The thing I repeat most often is: at least it's not C++. Rust is the best systems programming language I've found. There's no language that's perfect for every usecase and ideally, I'd love to learn Haskell for prototyping, but it's more academic than practical.
@KaczuH wow interesting take! My personal experience is that I LOVE refactoring rust code! Basically just change what you need to change and follow the to-do list returned by the compiler, knowing nothing will probably be forgotten. It's such a powerful thing that I now dread any big refactoring in other codebases, even Typescript.

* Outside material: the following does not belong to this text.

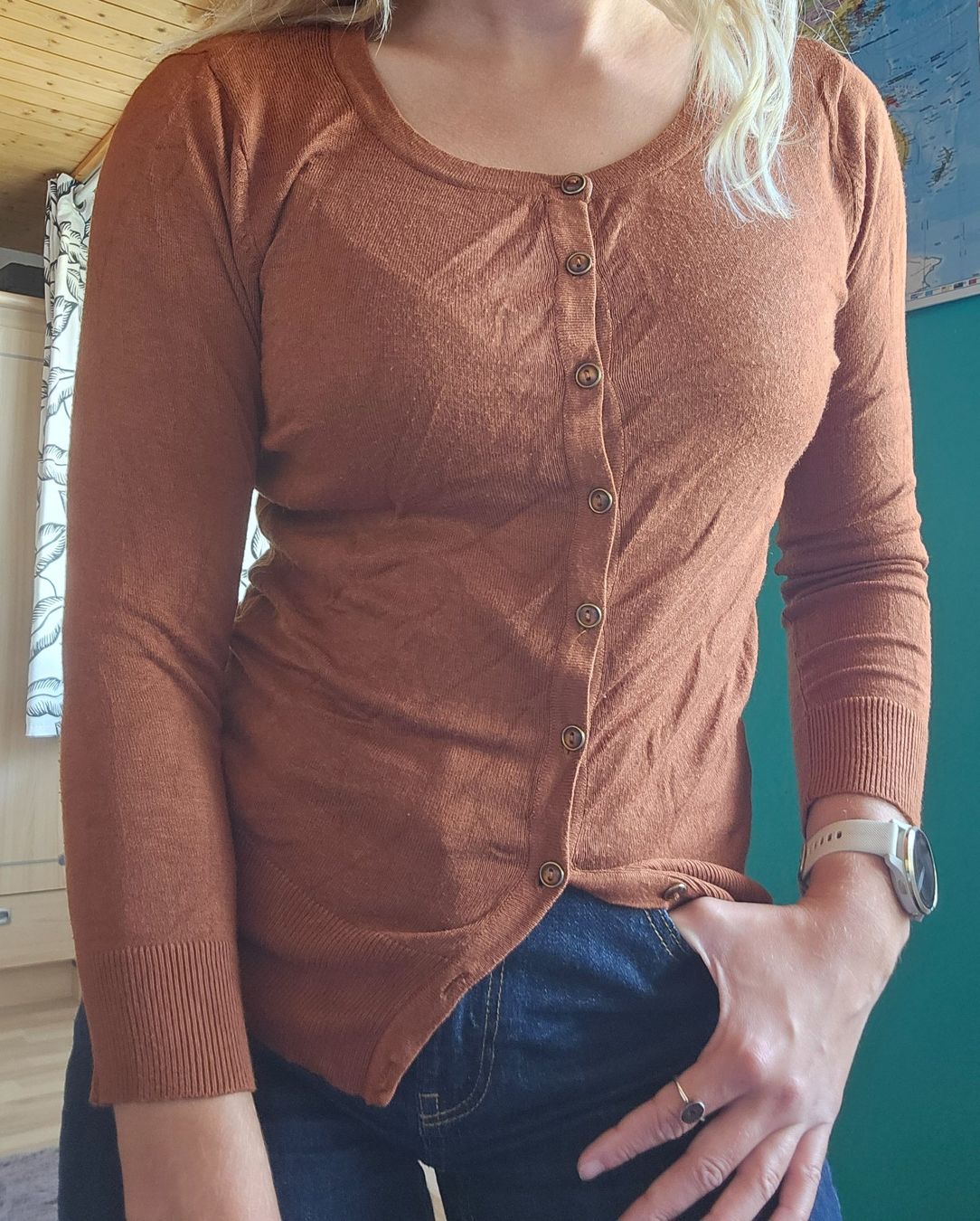 Pullover & Sweatshirts: Brauner Cardigan / Chicoree Grösse M – Gebraucht aus Ettenhausen TG von nwi_72y8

@KaczuH to be clear that probably the only point over which I think otherwise than the article. It's definitely a slower coding and iteration experience, that's the tradeoff of the robustness and correctness.

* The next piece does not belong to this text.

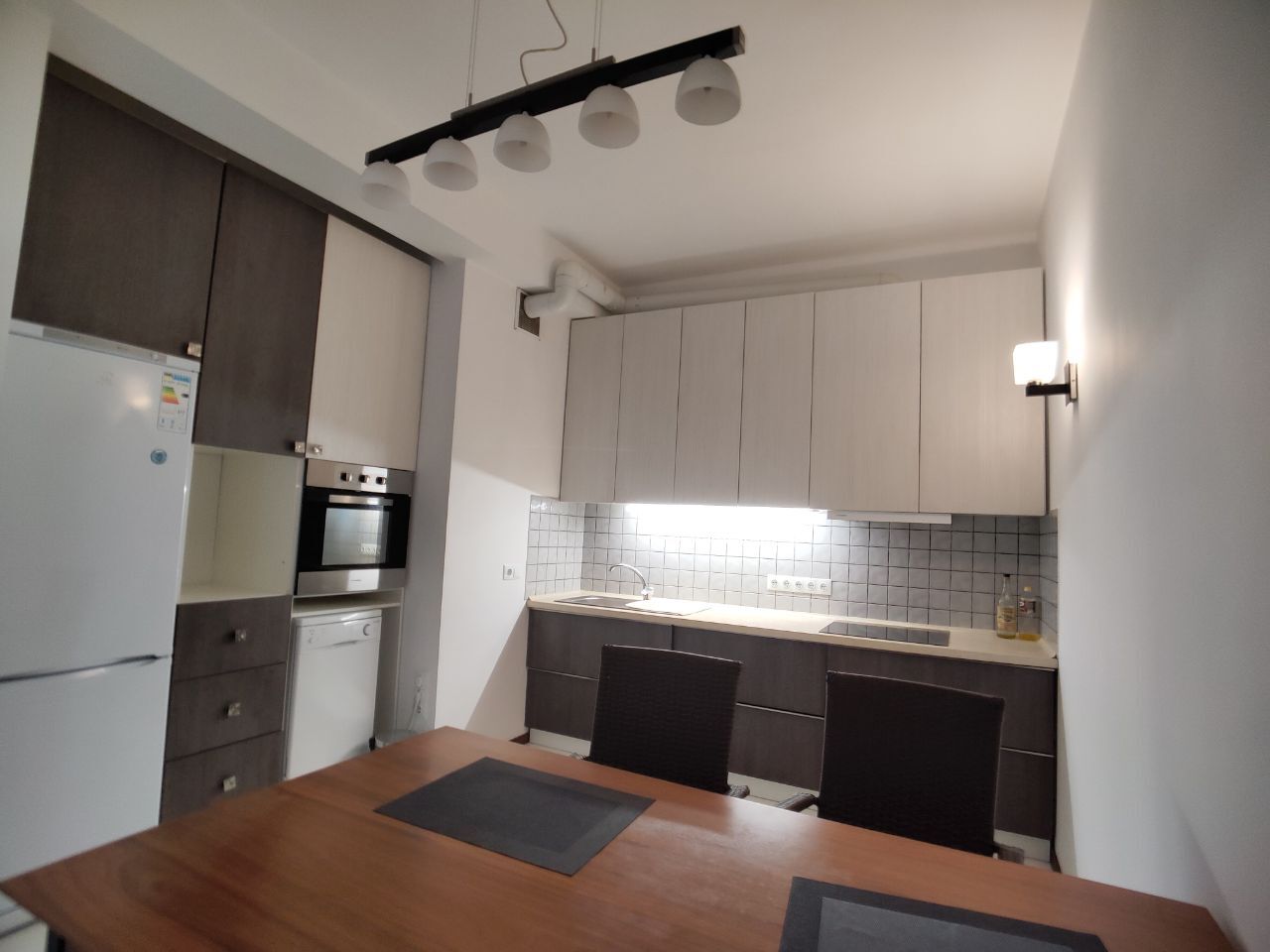 Продажа 2-комнатной квартиры 86 м²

I know what they mean. It may not be enormous, functionality-wise, but just the Iterator trait alone feels enormous when you're trying to figure out which method does what you want.
I think it's indicative of a need for more work put into making the UI teach people how to search by function signature.
As someone who is a big fan of shipping fast and shipping often :tm: this article is both really great and also cemented why I’ll never like rust. It’s a neat tool, just not for me
Seriously what’s up with lemmy and taking the most disingenuous interpretation of someone’s words
The article literally covered how rust is terrible for iteration and refactoring. Which are corner stones to building software in a small business. Which is where I’ve worked for the last six years. Which is also my personal favorite way to write code.
Y’all don’t have to start a damn argument every time someone disagrees with you
I think that's normal for statically typed languages. You prototype and move quickly in dynamically typed language, then you can stabilize in a statically typed language.
You can still ship quickly and often in rust, it just depends on what you're doing and of course who's writing the code. I mean, look at the guys that made MakePad. It's still a startup and they have made something quite impressive in Rust. Watch their presentation from this year.